Asset allocation refers to how you invest your funds across different asset classes such as stocks, bonds and cash or cash equivalents. Your asset allocation typically depends on your investment goals, financial circumstances and risk tolerance.

Asset allocation is vitally important as it allows you to maximize returns while satisfying investment goals.


Your investment portfolio’s risk depends on how much of your money is distributed among each asset class. That is why most brokerage firms and financial services companies provide asset allocation models that help you determine how much should go toward stocks, bonds and cash or cash equivalent investments.

Experts typically recommend selecting an asset allocation that reflects both your time horizon and risk tolerance. Investors with longer time horizons may feel comfortable taking more risks and opt for more aggressive, high-risk portfolios.

However, asset allocation’s risk can fluctuate with time as different assets experience different rates of growth or decline. For instance, investing heavily in stocks when the stock market goes south can cause greater volatility and financial loss; with well-diversified holdings you are less likely to incur substantial financial loss as time goes on; to prevent this happening frequently rebalance your portfolio to ensure long-term success.

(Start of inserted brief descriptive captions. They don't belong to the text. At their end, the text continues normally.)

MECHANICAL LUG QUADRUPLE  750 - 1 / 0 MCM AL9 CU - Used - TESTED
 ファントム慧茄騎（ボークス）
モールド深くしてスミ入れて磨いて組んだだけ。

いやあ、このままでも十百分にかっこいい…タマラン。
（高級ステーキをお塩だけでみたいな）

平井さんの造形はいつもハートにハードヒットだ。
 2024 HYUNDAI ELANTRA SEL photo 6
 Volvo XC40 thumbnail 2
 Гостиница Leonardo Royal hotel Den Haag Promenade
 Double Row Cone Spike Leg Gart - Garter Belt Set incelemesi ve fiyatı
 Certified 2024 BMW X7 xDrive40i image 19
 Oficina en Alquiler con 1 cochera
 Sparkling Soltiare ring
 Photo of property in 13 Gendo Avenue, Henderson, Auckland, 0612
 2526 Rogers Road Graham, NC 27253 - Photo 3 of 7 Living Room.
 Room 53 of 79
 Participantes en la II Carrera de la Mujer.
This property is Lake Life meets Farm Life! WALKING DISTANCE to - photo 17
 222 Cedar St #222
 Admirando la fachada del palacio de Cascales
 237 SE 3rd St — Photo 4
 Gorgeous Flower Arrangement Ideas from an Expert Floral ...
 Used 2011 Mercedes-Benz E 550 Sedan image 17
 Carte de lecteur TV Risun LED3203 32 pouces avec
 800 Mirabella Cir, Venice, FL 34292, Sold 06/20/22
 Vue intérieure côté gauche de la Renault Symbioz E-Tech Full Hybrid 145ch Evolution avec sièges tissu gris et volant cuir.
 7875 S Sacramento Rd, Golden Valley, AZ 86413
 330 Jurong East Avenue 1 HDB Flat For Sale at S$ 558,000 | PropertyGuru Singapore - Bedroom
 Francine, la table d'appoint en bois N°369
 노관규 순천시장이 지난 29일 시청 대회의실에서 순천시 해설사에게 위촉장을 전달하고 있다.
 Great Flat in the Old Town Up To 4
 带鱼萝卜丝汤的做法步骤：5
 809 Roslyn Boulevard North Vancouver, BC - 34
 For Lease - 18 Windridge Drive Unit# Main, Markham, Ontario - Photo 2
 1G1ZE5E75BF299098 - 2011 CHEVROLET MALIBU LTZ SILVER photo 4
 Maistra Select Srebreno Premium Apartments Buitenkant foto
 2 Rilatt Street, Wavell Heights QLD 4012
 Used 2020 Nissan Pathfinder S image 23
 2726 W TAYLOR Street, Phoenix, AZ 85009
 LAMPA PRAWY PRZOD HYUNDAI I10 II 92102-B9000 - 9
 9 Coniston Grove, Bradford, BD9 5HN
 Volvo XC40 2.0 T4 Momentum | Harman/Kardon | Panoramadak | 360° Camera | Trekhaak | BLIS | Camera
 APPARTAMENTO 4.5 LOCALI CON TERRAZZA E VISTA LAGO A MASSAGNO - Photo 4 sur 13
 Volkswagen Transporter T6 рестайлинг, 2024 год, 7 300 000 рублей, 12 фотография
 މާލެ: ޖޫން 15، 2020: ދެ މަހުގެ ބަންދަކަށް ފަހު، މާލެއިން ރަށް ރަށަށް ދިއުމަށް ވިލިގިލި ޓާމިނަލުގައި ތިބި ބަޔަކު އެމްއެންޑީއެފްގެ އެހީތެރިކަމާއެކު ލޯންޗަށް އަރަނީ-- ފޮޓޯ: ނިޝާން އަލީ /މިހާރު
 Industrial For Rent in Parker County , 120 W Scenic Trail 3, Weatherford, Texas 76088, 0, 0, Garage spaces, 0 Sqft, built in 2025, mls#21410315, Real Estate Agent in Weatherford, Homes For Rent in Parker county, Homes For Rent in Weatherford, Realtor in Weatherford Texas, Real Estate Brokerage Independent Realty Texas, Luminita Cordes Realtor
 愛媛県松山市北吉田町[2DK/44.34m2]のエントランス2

Asset allocation is one of the key elements to consider when building an investment portfolio. Proper allocation helps investors reduce market volatility and provide more flexibility when liquidating assets to generate cash; since not all asset classes move together; investing in stocks, bonds and cash provides diversification benefits.

Your asset allocation in your portfolio depends on your investment goals, risk tolerance, and time horizon. For instance, if you are saving for retirement, bonds and cash equivalents might be more suitable because this reduces risk in the short-term as you near your investment goal.

Discover an asset allocation that best matches your risk profile by filling out free online questionnaires available on various websites, such as those maintained by investment publications, mutual fund companies, and financial professionals.

Time horizon

Time horizon is one of the key determinants in asset allocation decisions, which means how long until you need the money from your investments back. The longer your time horizon, the greater the risks you can take with your portfolio. A couple of rough years won’t hurt as much if there are decades until you need your investments back!

Your time horizon can also fluctuate with life events and changing circumstances, so if you’re saving for college tuition for one of your children, your timeline could be shorter than someone already retired.

If your short-term investment horizon is limited, liquid investments such as cash and savings accounts may help minimize volatility and protect against large losses. On the other hand, for long-term investors seeking higher returns over time it is crucial that their portfolio includes growth-oriented stocks and exchange-traded funds (ETFs).


Rebalancing strategies aim to bring your portfolio back in line with its original asset allocation plan. For instance, let’s say you started off with a 60/40 split between stocks and bonds but over time the former outperformed the latter, leading your stock percentages to shift upward. In such an instance, in order to restore balance to your initial 60/40 allocation you may have to sell some stocks and purchase additional bonds so as to achieve balance again.

Rebalancing can be an effective strategy to lower risk in a portfolio while increasing return potential. Different investments tend to move in opposing directions, helping you hedge against market volatility by decreasing exposure to risk.

Rebalancing also enables you to take advantage of market opportunities, like buying low during a downturn, which may help you achieve your financial goals more quickly and reduce the costs and taxes associated with frequent trading which could reduce returns over time.